Climate change-related disasters have compounded our other entrenched problems of livability: housing costs that eat up paychecks, an epidemic of homelessness that seems to defy all attempts to fix it, one of the highest poverty rates in the country, and the growing sense that only the very wealthy can afford to live in many of our largest cities.
These issues are not California’s alone: There are similar problems in other states' big cities, among them Seattle, Portland, New York and Chicago. You might even say that these urban issues constitute a kind of national problem. But neither Joe Biden nor Trump dwell much on them, because they aren’t the problems of Wisconsin, Michigan, Pennsylvania or Florida.
Every two years, I think about how thoroughly I am being ignored, and each time I’m more infuriated than the last. Twice in my lifetime, the loser of the national popular vote has won the presidency. The same injustice might happen again this year. But even if it doesn’t, don’t conclude that all is well and good with the way we pick the president.
Consider last week’s debate between Mike Pence and Kamala Harris. By my count, the candidates mentioned fracking — an issue of environmental and economic importance in southwestern Pennsylvania, one of the most prized battlegrounds — 10 times. First, Pence accused Biden of wanting to ban fracking, then Harris said Biden would never ban fracking, then Pence said he would, then Harris said he wouldn’t, the whole argument very much like the one my kids have over who gets to take a shower second.
By comparison, the wildfires that set ablaze the western United States last month received only glancing mention — and it was Susan Page, the moderator, rather than Harris, California’s junior senator, who brought them up. Page mightn’t have bothered. When Pence was asked about the fires and other climate disasters, he ended his answer by insisting that Biden would ban fracking.
It wasn’t just fracking over fires. In both the vice-presidential and the presidential debates, nobody mentioned housing or homelessness, a top policy issue for people in my state. There was barely a mention of building new roads, bridges or expanding public transportation — Harris raised the issue mainly to take a shot at how Trump has turned his plan for “infrastructure week” into a joke.
Then, of course, there is the Supreme Court nomination that Republicans are ramming through the Senate. Because Republicans derive much of their political strength from many small states, the Senate amplifies their power; as CNN’s Ronald Brownstein pointed out last month, the 47 Democratic senators represent nearly 169 million people, more than the 158 million people represented by the Senate’s 53 Republicans.
If Amy Coney Barrett, Trump’s nominee to replace Ruth Bader Ginsburg, is confirmed along partisan lines, the Supreme Court will cross “an undemocratic milestone,” as Adam Cole pointed out in Vox. For the first time, “a controlling majority of the court will have been put there by senators whom most voters didn’t choose.”
It boils my blood, all of it. Is it any wonder that the United States has one of the lowest rates of voter turnout among developed nations? The system is corrosive.
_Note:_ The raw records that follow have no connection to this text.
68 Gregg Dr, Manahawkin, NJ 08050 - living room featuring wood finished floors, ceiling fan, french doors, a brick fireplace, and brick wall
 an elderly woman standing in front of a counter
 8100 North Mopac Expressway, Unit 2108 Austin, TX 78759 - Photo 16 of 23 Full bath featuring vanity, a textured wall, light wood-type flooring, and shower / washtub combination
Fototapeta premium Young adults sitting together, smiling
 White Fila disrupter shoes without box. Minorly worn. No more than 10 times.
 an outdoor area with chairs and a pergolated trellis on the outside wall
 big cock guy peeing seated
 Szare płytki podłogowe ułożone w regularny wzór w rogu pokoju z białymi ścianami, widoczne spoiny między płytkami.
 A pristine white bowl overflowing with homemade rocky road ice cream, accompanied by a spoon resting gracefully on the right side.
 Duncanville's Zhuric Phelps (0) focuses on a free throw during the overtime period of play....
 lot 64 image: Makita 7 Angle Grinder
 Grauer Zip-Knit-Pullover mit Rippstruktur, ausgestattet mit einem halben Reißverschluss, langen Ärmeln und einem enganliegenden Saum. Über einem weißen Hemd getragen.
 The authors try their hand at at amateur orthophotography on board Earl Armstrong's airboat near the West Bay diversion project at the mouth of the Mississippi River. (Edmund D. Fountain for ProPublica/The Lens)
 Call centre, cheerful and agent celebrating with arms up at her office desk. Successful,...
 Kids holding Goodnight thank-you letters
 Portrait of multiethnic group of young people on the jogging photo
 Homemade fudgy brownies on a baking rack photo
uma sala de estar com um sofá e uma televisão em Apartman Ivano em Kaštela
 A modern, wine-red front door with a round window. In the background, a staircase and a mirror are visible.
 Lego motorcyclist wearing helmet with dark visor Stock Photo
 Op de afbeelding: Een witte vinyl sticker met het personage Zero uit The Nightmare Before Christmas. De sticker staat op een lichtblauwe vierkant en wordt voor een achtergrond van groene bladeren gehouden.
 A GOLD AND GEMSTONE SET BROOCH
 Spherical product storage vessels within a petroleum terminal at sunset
We are told by everyone, everywhere, that voting is the path toward a better country, but in every election, we are shown that some votes matter much more than others, and that we should all just live with it, because smart people a long time ago decided it should be so.
I still vote. I do it out of a sense of civic duty and as a role model to my children, and to make sure I can get the NIMBYs off the City Council. But when it comes to the national government, I long ago gave up any hope of ever mattering.
Farhad Manjoo is an Op-Ed columnist for The New York Times.